Given his own company’s area of expertise, it is no surprise that Boyle feels engineering and product design roles are the ones that are most important if Ireland is to become an innovation hub. “If the Government was to provide a subvention for 20 design engineers, this could lead to the creation of thousands of jobs.”
For this reason, the fall in the number of electrical engineering undergraduates in recent years is of great concern to him and he predicts a shortage in four of five years’ time.
Boyle also believes it should be easier for young innovative firms to establish themselves. A pet project of his is to create a wireless cluster in Dublin that would offer support to young mobile technology firms to help them develop links with mobile operators on the one hand and big technology platform developers on the other – something that is generally extremely difficult for an emerging company to do.
He also feels there is a need to cut the amount of regulation in the telecoms area and that the R&D tax credits should be available to companies that have already invested in R&D – such as his own – as well as those making incremental investments. All these actions would help foster a dynamic wireless research sector, he believes.
On the issue of Ireland’s high-cost base, Boyle comments: “I don’t think cost is a key issue. It’s experience, it’s skillsets, it’s having the right attitude that matters. We have the right raw ingredients but we need to keep producing more engineers.”
From the indigenous firm engaging in R&D to the multinational, Xilinx is a US-based semiconductor maker with a large presence in Ireland. For several years, the company has done product development in its Dublin facility but now it is taking a step further. Today, Xilinx Labs will open its first research facility outside the US market and Dublin has been chosen as the site for that €7.5m investment that will lead to the creation of up to 20 senior research positions.
Paul McCambridge, managing director of Xilinx Europe, is a firm believer that to be successful, a research project must have access to the right skills certainly but also customers with whom to collaborate. “If Ireland Inc had a global research leader in one or two fields and I was a company operating in those fields, there would be big pressure on me to do some research in Ireland, especially if I had an important European customer there.”

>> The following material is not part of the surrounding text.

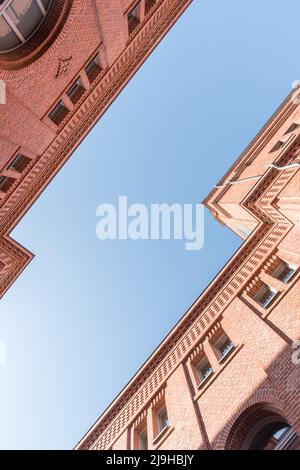 Due case in mattoni modernizzate affacciate l'una all'altra con il cielo blu Foto Stock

Similar to Boyle, McCambridge believes cost is not what primarily dictates where research money goes. If Ireland fails to attract R&D projects, it won’t be because of its high cost base but because it doesn’t have the skillsets multinationals are looking for. “My concern would not be Asia because of cost but Asia because of the quality and calibre of its researchers,” he says.
The UNCTAD report was a timely reminder that the growing economies of Asia represent a huge competitive threat to the developed world, not only in manufacturing but in research too. While the combination of low-cost and plentiful skills might seem like something we cannot compete with, there are many who believe that, despite our higher costs, we are still in the game so long as we, too, can excel.
As Harris puts it: “It doesn’t matter how big we are; it matters how good we are.”